Saturday, November 24, 2012

Gratitude post.

So this is a couple of days late, but I blame that on the fact that I've been in a food coma since mid-afternoon Thursday and just woke up, bloated, smeared with gravy, but content. I've seen people do that 30 days of gratitude project on Facebook and thought that's a great idea. Since I dropped the ball doing it in real time. Here's my condensed version, 30 things I'm grateful for right now, in no particular order of importance.



1. Food (remember I said this was not in order of importance, if it were food would totally be way further down the list, at like 3). But seriously I licked my plate on Thursday with this feast. It was also the first Thanksgiving I ate at an actual table since we it was only my immediate family (we had to go to DC because my sister could literally go into labor any day), and not my giant, extended family bonanza it usually is. We more than made up for the lack of people with an over-abundance of food. I made mashed potatoes, sweet potato casserole, and cranberry sauce (I like carbs).



2. This little monkey. My two year old niece is the most brilliant, funny, cute, insane two year old on the planet. I love her more than life.

3. My future little monkey. Any day now I will have a nephew. And I am seriously excited to luxuriate in all the babyness. I love being able to play and talk with my niece, but sometimes I miss those early days and months, when she was so tiny and cuddly, when she would fall asleep in my arms and make gurgly little baby sounds. I am so excited to experience all of that again with my little nephew.
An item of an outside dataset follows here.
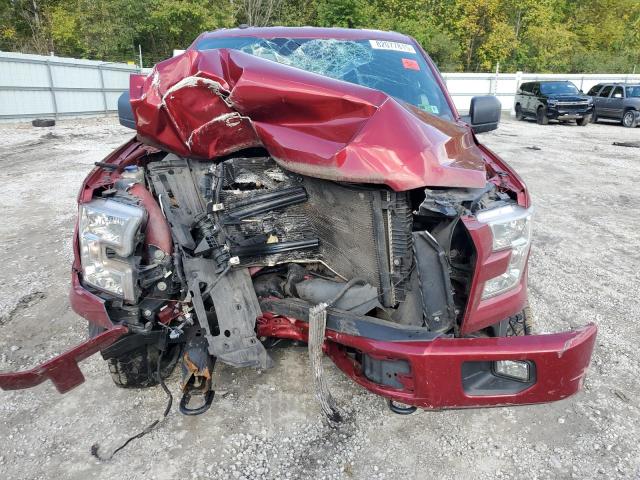 Фото 5 - FORD F-150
4. My immediate family. I'm not going to get all corny and sappy, which I could. I'll just leave it short and simple. I have a great immediate family. I enjoy hanging out with them. I love being in the same city as my parents and brother and just a couple of hours away from my sister and her family. And I know not everyone would say the same. We're not weirdly obsessed with each other. My parents aren't who I call about my love life (seriously, grossest thing ever). We get in arguments from time to time. But at the end of the day, I don't just love these people. I like them. I like being around them. And I am so grateful for that.

5. My extended family. I had a great, quieter, more intimate Thanksgiving this year, but I have to say I missed the crowd and the hum of chatter of forty some people gathered in one house. I've spent almost every Thanksgiving and Christmas (and every other major holiday) of my life with a gaggle of aunts and cousins and second cousins and great aunts and every other kin folk you can imagine. I don't have to fly across the country to do it or even get on a highway. They've just always been there. And I'm so lucky to have that. 


5. My boyfriend. I also won't get sappy here, because I'm one of those people who reads any sentence starting with "my baby" on Faceboook and wants to throw up if that person is not literally referring to a child that came from their womb. I'll just leave it at this. He's pretty darn great, and I'm thankful for having in my life. 


6. My marathon medal. What? I am not above this. That sucker is hanging right where I can see it. If I could I would wear it constantly, maybe even in the shower.

7. My body. So ew, that sounds weird. I'm not going all magic of womanhood here. I'm referring specifically to the muscles, tendons, ligaments, fascia, cartilage, bursa, nerves, blood vessels, and bone that make up my legs, hips, and butt. Those things are why I have my beloved medal (aka my precious). They found a way to carry my weird, spastic, out of alignment self for FIVE hours of running (not to mention the hours and hours and miles and miles of training). And they suffered for it. My knees are not in the mood yet for real running. They may not be for a while. But that's okay. They've earned a vacation. 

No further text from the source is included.